━━━ Records supplied

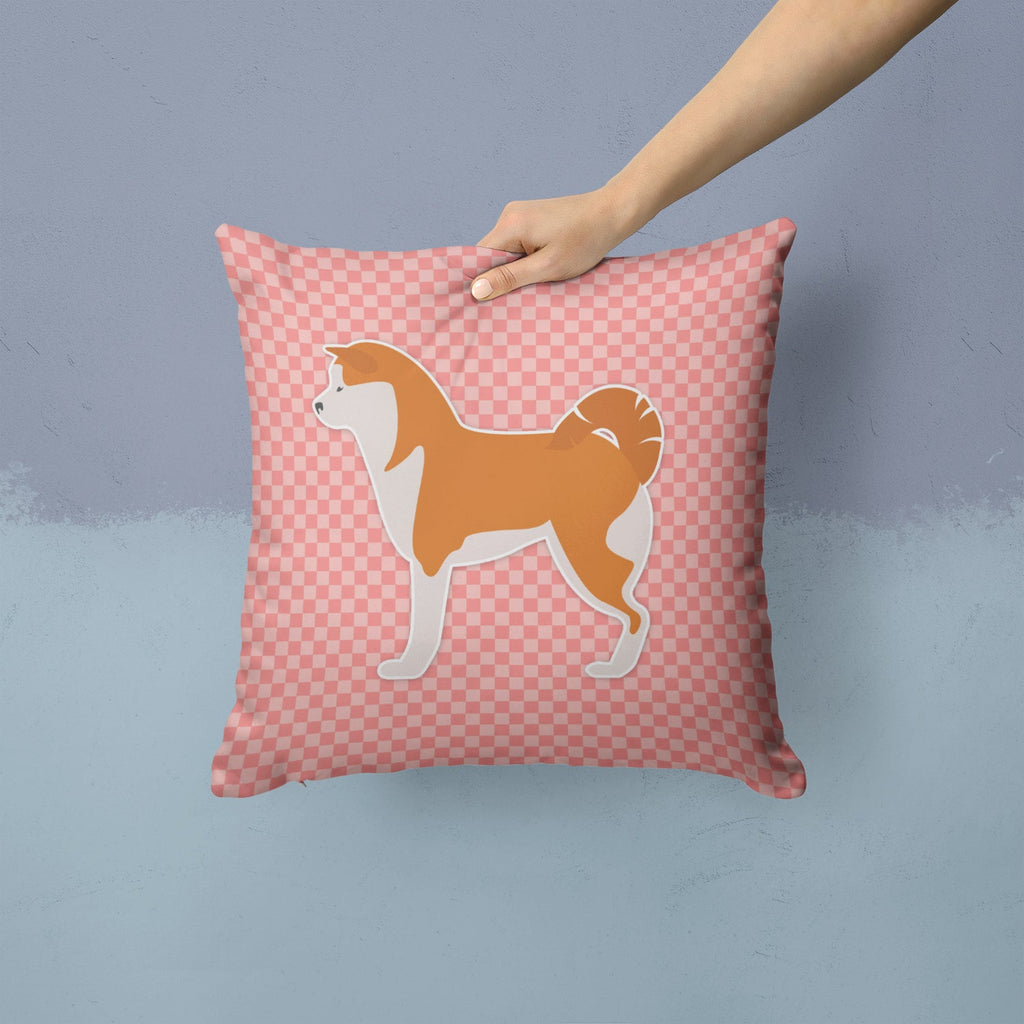 Akita Checkerboard Pink Decorative Throw Pillow 14x14 Indoor Outdoor Accent Cushion, Fabric Cover with Insert for Sofa, Bed, Porch & Living Room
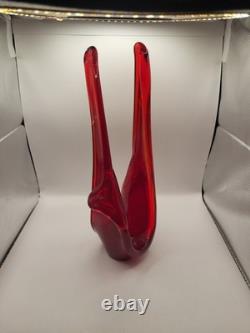 Vintage MCM Viartec Style Art Glass Basket Vase 13.5 Red Orange Cadmium Glow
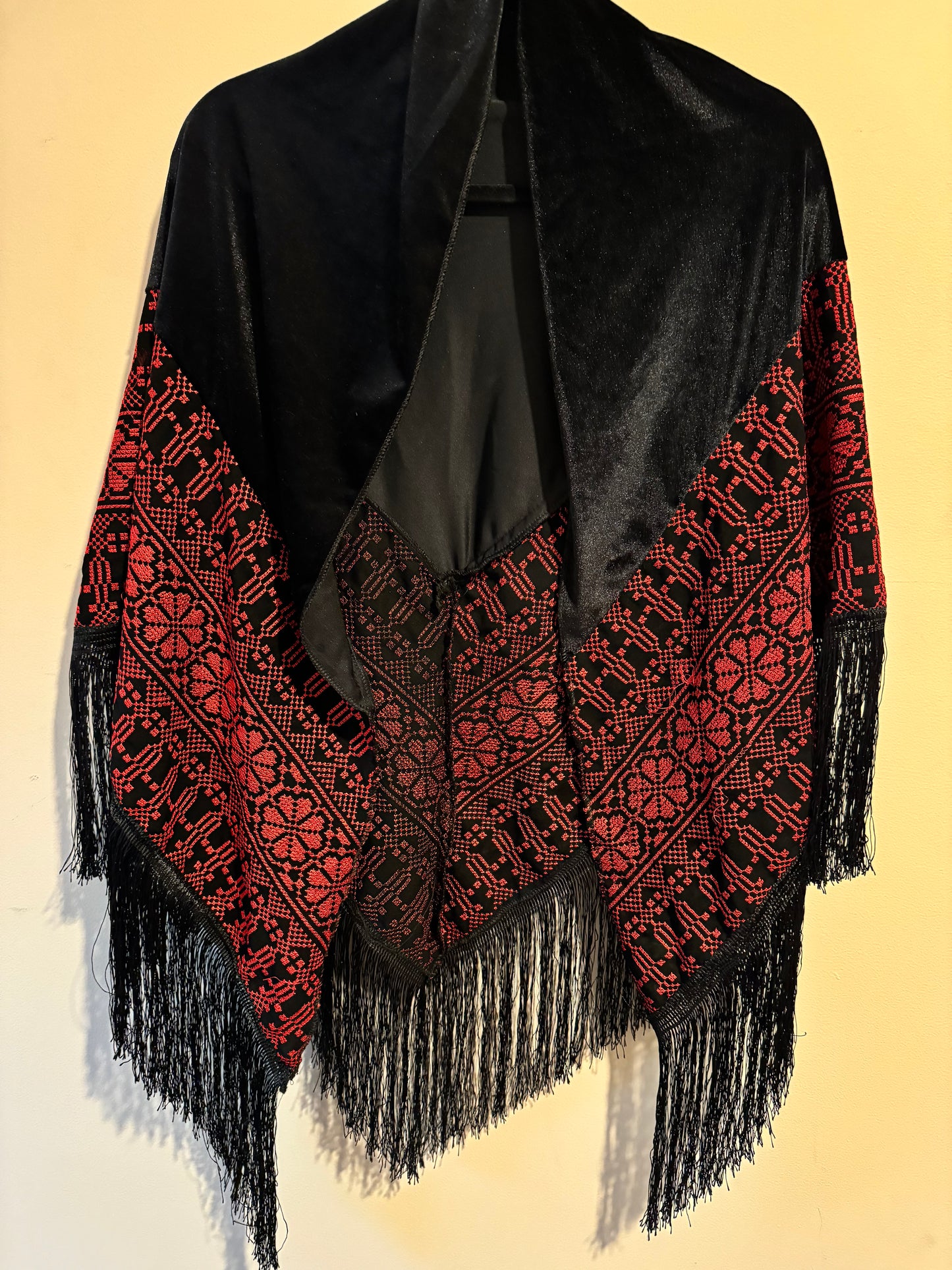 Black Velvet, Red Tatreez, and Fringe Scarf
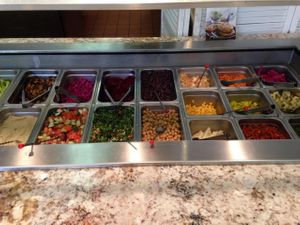 Oooo toppings!! at vfalafel in Washington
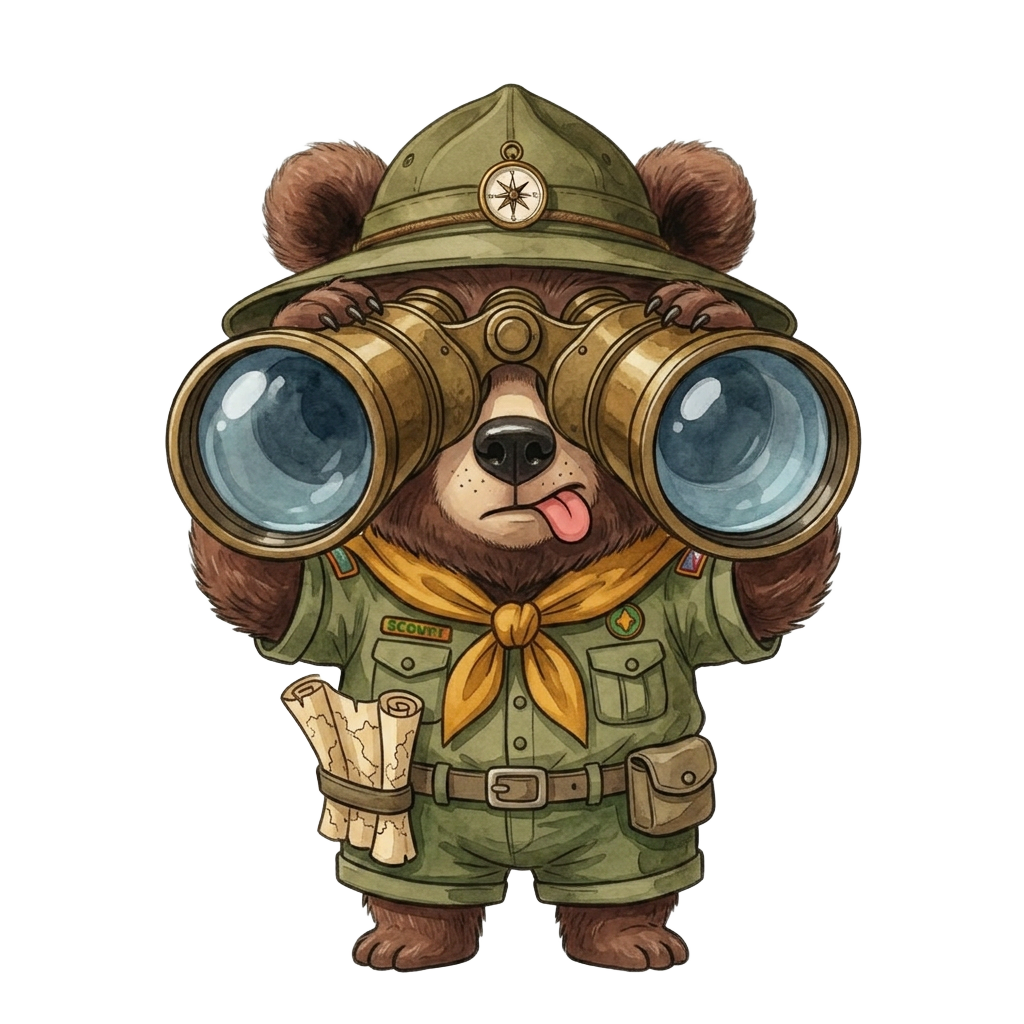 Scout bear with enormous binoculars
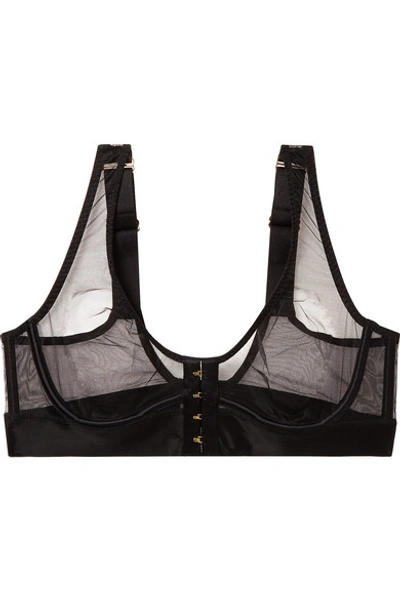 Agent Provocateur Dora Satin-trimmed Stretch-mesh Underwired Bra In Black |  ModeSens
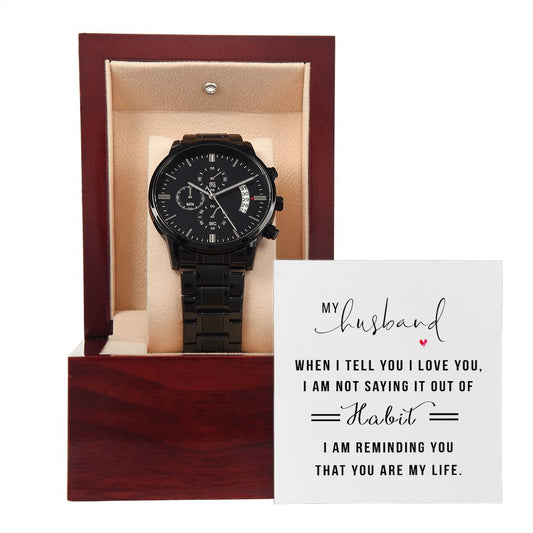 "My Husband" | Black Chronograph Watch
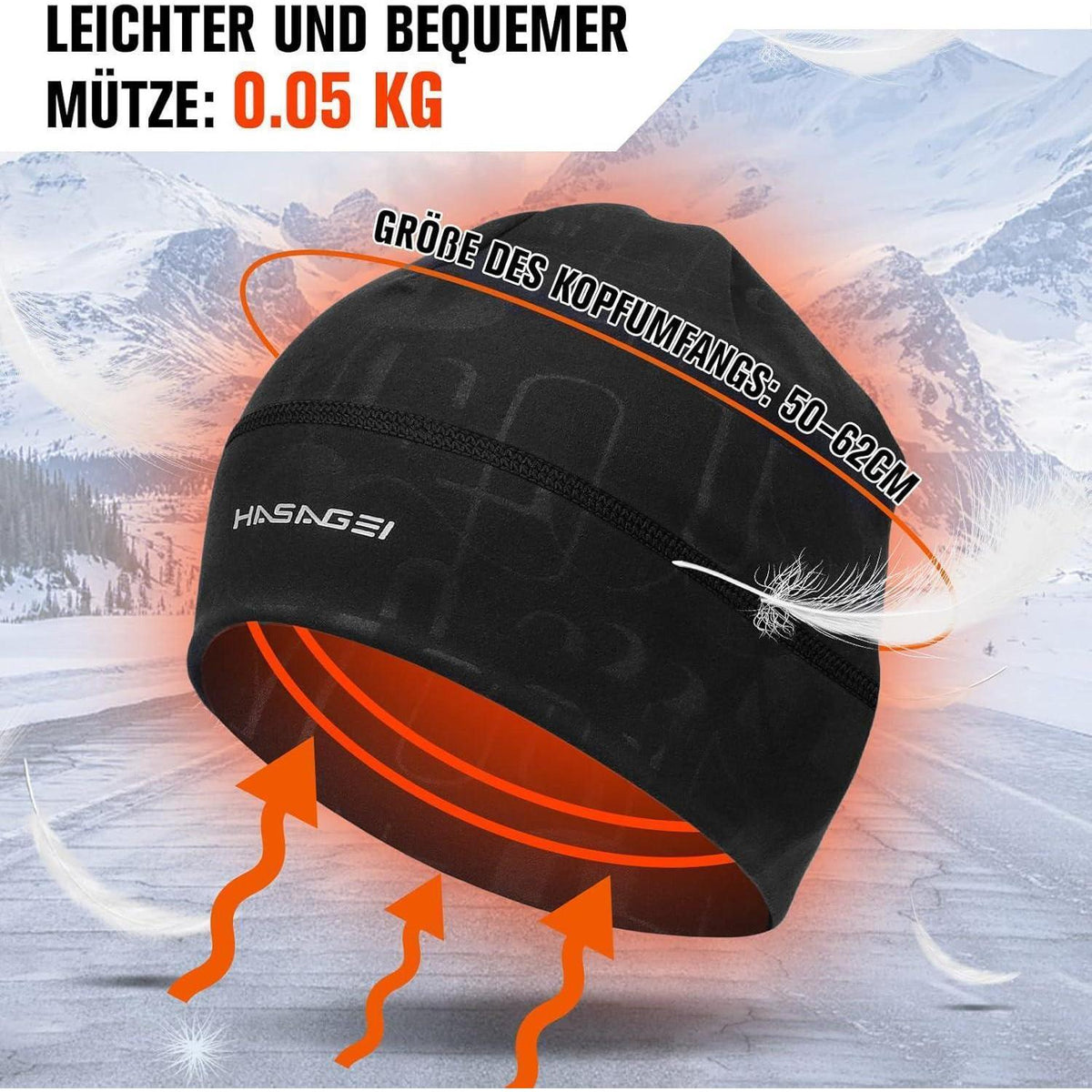 Laufmütze Herren Damen – Thermo Wintermütze mit Prägung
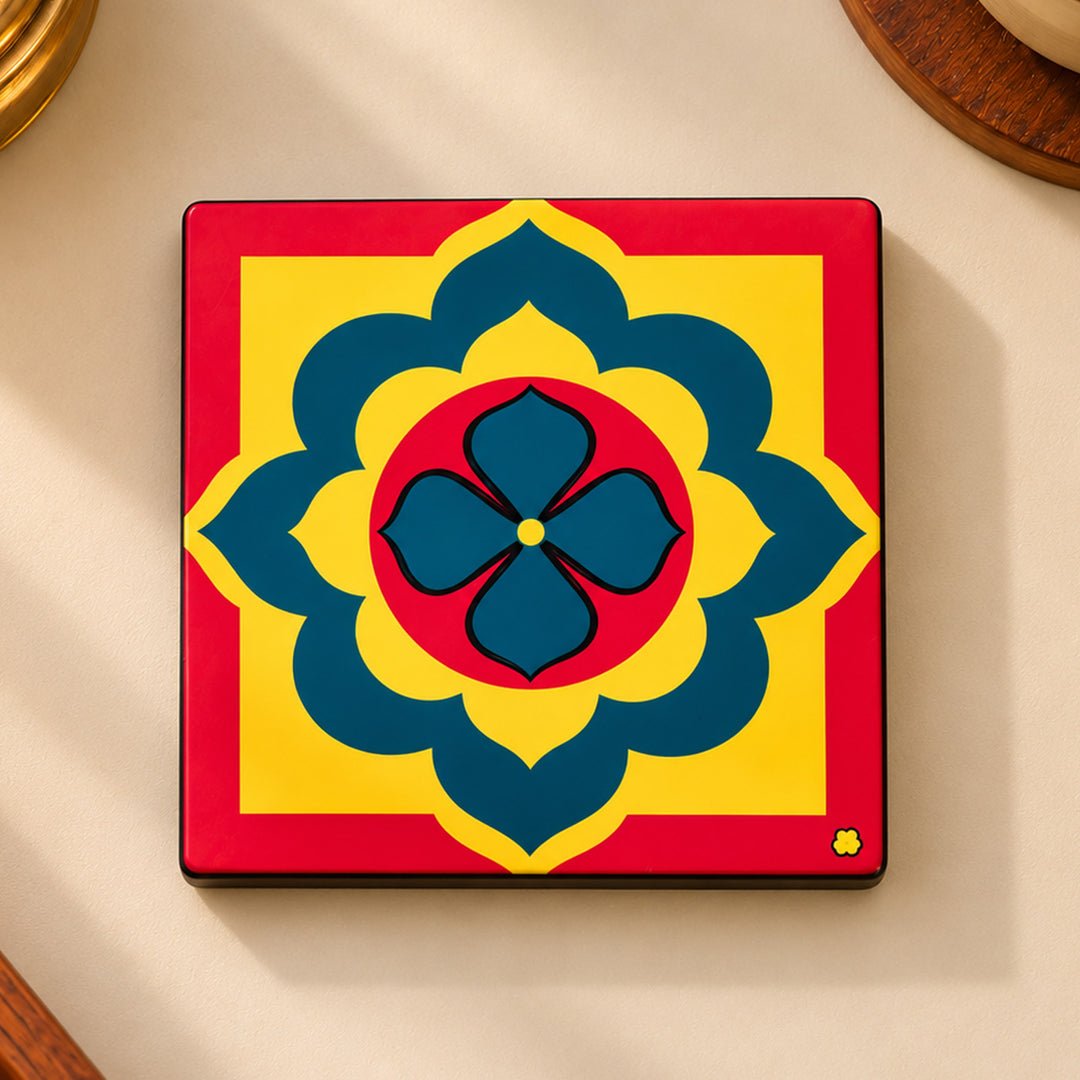 Set Of 6 | Hand-Painted Aathangudi Tiles Square Coaster Set For Festive Gifting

━━━━━━

An exact copy is needed of the stretch above that opens with the line containing "Vintage MCM Viartec" and closes with the line containing "Laufmütze Herren Damen"; the pictures are not part of it.

 Vintage MCM Viartec Style Art Glass Basket Vase 13.5 Red Orange Cadmium Glow
 Black Velvet, Red Tatreez, and Fringe Scarf
 Oooo toppings!! at vfalafel in Washington
 Scout bear with enormous binoculars
 Agent Provocateur Dora Satin-trimmed Stretch-mesh Underwired Bra In Black |  ModeSens
 "My Husband" | Black Chronograph Watch
 Laufmütze Herren Damen – Thermo Wintermütze mit Prägung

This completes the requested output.